We provide a quick start setup and a complete setup. The following steps need to be run for both.

  • Check that the python version is 3.7.6 or above.
  • Install dependencies: pip3 install -r requirements.txt
  • Download necessary NLTK packages. In a python3 shell, enter the following:
>>> import nltk
>>> nltk.download('stopwords')
>>> nltk.download('tagsets')
>>> nltk.download("wordnet")
>>> nltk.download('averaged_perceptron_tagger')

Quick start setup

  • Download the collection inverted index: https://drive.google.com/file/d/1KPwEjVXzrvLOf7a2WblP9keBtxtLdj6q/view?usp=sharing
  • Unzip it and place it at the project root.
  • Run the application from the project root: python3 app.py If the application does not run, check that you have no other process running on port 5000. The application will take ~30 seconds to start, the time to load the inverted index in memory.
  • Once the application has started, go to http://localhost:5000/ in a browser to make some queries!
  • NOTE: the first query is usually ~10 times slower than the following queries.
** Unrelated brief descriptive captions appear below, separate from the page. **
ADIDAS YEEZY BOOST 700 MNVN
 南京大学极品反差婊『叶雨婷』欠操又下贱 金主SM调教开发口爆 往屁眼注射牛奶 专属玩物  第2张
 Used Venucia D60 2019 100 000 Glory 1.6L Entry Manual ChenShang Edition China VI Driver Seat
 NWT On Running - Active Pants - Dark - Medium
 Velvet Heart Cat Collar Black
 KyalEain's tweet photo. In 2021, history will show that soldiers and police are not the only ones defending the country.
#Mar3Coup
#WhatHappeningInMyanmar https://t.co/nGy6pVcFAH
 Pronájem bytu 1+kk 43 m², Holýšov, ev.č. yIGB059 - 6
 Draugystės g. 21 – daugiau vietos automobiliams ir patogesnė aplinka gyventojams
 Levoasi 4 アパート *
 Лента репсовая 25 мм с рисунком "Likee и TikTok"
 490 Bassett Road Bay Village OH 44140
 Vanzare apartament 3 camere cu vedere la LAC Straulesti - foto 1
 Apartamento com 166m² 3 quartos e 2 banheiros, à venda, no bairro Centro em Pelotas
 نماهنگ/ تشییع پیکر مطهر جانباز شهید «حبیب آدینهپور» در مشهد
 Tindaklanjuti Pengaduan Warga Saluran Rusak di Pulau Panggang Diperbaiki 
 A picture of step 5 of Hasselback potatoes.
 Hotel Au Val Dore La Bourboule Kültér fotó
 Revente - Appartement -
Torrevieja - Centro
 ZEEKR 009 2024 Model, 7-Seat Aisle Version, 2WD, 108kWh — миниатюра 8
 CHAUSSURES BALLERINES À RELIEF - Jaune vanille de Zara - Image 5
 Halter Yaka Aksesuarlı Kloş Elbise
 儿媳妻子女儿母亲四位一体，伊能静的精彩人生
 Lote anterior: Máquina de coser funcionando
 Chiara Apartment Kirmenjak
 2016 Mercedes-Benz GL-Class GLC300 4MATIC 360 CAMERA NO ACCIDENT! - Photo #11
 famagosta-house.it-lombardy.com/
By default, the engine returns the top 20 matches. This can be changed in the config.py file.

Complete setup (with local inverted index computation)

  • In config.py, change compute_inverted_index to True
  • Run the application from the project root: python3 app.py
  • This will take ~40 minutes to process the collection and build the inverted index.
  • If the application does not run after, check that you have no other process running on port 5000.
  • Once the application has started, go to http://localhost:5000/ in a browser to make some queries!
  • In config.py, change compute_inverted_index back to False now that the inverted index is saved locally.

Engine components

Collection pre-processing

The collection is already tokenized. As additional pre-processing, all the words with less than 2 characters and english stopwords (using nltk list) are removed. Then, the words are POS-tagged using nltk default POS-tagger and lemmatized using nltk WordNetLemmatizer. This pre-processing is costly compared to simple stemming, but it leads to a better quality of pre-processed documents.

The preprocessed documents are saved in a separate folder with the same structure as the original collection for easier re-use. This pre-processing step takes around 30 minutes on a standard laptop.

Collection indexing

We use sklearn TfidfVectorizer to compute both the collection vocabulary and word count and the TF-IDF representation of each document. The sparse matrix returned by the vectorizer is then used to build the inverted index for the collection. This inverted index is a dictionary which key set is the vocabulary and values are the list of documents sorted by relevance for the corresponding term. The relevance of a document for a term corresponds to the TF-IDF weight of this term in the vectorised document.

The inverted index is saved using pickle to be easily reloaded and re-used. The inverted index computation and saving takes less than 10 minutes on a standard laptop.

Document querying

  • The user query is preprocessed:
    • Stop words are removed
    • Words are lemmatized with the same procedure as for documents
    • Duplicated tokens are removed
  • For each word in the query, relevant documents and their TF-IDF weight for the word are retrieved from the inverted index.
  • Documents for each words are combined and sorted by relevance.

The procedure is the following:

  • Compute the intersection of the retrieved documents with their weight for each term. Union is used if there is not enough documents in the intersection.
  • Score each document with the harmonic mean of its TF-IDF weights for the different query terms. When the document does not contain a query term, the default weight used is half the minimum weight of all the retrieved documents.
  • Return the top documents (i.e. with largest harmonic mean score).

Corpus statistics

The original corpus contains 25 510 231 terms and 354 396 distinct terms. The pre-processed corpus contains 16 184 888 terms and 291 323 distinct terms.